What You Need to Consider When Buying a Display Home
A display home or model home can be a great choice for your own residence or as a rental property. Display homes often have landscaping that has been well cared for, and may even come with interior furniture and fixtures that are a perfect fit for the home itself. However, as with buying any type of home, you want to ensure you know what’s involved and have covered all your bases before you commit yourself to a display home. Note a few factors to consider.
A model or display home may look very good when you first walk in, but remember that its appearance may be the most important aspect of its construction, and the “bones” of the home still need to be closely inspected. A builder may have rushed through the plumbing or framing of the home in order to get the display home erected, and may have spent more time on the aesthetics, meaning the floorboards and crown molding. Be sure you have the home properly inspected and have it written into your offer for the home that you will wait for the results of those inspections before you move forward with the purchase, in case something was overlooked or rushed during construction.
You may like a display home because of the granite countertops, cabinets, ceiling fan, and so many other items in the home, but remember that a builder may have the right to virtually gut the home of these things before you move in, unless they’re included in your contract. Be sure you make a list of everything that will be left behind, or have your agent note that nothing will be removed from the home, including carpeting, countertops, shower curtain rods, and so on.
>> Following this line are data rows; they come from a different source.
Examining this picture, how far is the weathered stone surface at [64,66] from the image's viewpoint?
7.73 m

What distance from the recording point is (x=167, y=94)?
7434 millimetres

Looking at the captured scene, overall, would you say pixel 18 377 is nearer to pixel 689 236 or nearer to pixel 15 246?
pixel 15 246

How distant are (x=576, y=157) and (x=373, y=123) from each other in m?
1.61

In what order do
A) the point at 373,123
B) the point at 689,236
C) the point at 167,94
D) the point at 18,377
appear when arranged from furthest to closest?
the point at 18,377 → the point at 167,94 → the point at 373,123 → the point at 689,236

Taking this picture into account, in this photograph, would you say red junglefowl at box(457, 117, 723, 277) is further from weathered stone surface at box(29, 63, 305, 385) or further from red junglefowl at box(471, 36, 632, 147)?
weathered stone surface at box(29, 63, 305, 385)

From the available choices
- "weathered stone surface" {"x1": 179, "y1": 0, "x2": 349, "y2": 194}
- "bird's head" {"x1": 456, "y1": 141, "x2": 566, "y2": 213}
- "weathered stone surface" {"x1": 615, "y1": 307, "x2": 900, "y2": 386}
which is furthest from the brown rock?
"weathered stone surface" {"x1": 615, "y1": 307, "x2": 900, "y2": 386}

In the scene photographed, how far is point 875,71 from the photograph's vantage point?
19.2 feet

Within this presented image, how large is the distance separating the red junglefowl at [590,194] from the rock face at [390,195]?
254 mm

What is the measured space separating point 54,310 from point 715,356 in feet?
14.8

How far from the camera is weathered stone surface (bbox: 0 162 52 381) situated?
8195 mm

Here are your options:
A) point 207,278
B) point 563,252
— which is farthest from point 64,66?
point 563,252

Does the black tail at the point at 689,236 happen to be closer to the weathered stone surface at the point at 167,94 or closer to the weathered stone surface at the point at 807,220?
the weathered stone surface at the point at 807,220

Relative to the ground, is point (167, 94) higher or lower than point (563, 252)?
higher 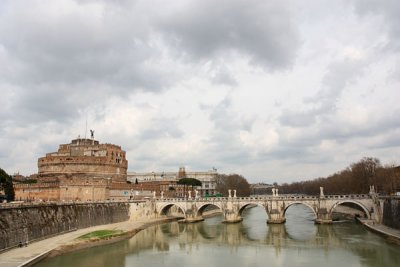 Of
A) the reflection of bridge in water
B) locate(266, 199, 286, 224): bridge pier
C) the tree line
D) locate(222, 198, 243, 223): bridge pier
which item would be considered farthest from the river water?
the tree line

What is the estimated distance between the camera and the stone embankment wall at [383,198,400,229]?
35.7 metres

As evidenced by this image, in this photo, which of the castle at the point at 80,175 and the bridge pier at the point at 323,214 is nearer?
the bridge pier at the point at 323,214

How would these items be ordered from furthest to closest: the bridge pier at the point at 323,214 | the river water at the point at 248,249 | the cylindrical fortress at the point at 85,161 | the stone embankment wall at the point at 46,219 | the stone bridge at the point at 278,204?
the cylindrical fortress at the point at 85,161
the bridge pier at the point at 323,214
the stone bridge at the point at 278,204
the stone embankment wall at the point at 46,219
the river water at the point at 248,249

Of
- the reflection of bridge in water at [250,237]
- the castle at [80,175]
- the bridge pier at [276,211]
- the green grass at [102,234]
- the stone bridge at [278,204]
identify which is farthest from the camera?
the castle at [80,175]

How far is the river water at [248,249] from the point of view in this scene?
27.3 meters

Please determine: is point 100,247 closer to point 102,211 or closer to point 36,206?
point 36,206

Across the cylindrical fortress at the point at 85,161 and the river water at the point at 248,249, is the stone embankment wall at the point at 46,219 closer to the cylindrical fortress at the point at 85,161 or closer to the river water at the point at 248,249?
the river water at the point at 248,249

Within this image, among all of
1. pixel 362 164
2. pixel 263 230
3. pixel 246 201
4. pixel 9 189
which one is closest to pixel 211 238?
pixel 263 230

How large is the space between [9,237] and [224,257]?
15769 mm

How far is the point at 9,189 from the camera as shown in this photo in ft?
140

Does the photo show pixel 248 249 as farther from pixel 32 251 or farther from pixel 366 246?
pixel 32 251

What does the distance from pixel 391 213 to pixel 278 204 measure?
15.8m

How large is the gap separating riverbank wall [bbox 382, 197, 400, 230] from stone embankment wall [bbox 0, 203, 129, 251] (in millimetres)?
31423

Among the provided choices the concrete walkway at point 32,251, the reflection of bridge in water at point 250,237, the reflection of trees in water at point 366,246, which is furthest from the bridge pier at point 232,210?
the concrete walkway at point 32,251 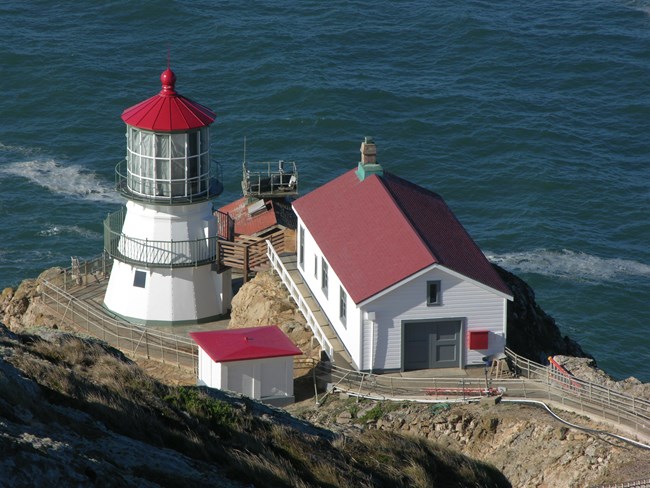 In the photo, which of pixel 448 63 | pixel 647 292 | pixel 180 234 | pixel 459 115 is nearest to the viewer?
pixel 180 234

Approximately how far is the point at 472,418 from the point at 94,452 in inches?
578

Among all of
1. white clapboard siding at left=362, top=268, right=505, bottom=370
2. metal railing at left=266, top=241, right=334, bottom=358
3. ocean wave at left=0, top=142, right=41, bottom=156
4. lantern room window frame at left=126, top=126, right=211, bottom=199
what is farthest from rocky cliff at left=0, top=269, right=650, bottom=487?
ocean wave at left=0, top=142, right=41, bottom=156

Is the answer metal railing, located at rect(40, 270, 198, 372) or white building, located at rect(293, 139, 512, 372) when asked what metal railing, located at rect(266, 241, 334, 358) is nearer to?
white building, located at rect(293, 139, 512, 372)

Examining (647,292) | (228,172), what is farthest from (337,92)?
(647,292)

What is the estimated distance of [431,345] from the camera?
1211 inches

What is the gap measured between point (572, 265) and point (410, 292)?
28.5 meters

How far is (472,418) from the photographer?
27.9 m

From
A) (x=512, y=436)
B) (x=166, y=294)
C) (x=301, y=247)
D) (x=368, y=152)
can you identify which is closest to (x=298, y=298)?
(x=301, y=247)

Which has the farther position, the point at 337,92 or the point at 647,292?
the point at 337,92

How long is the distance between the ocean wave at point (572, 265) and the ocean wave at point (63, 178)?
18867 mm

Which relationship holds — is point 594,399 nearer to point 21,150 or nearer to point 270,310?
point 270,310

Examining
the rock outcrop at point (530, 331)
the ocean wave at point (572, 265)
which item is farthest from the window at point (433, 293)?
the ocean wave at point (572, 265)

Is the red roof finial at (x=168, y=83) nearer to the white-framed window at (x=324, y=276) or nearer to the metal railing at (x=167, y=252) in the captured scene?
the metal railing at (x=167, y=252)

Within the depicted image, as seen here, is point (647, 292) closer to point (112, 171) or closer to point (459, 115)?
point (459, 115) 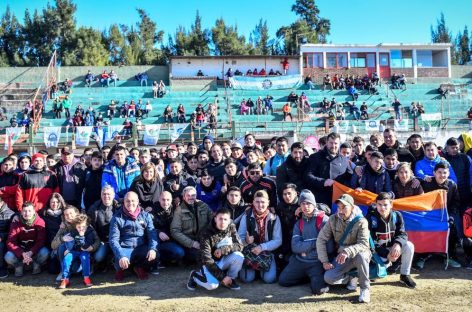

A builder may want to price a model or display home the same as a new home since it hasn’t technically had any occupants, but remember that a display home has still had a number of people walk through, potentially use the restrooms, open and close cabinet doors, and so on. The builder will also usually run the heating and air conditioning while using the model, so the furnace and central unit will have suffered some wear and tear. Be sure you’re ready to negotiate with the builder so they set a price reflecting the use of the display home and are not pricing it the same as a new, unoccupied home.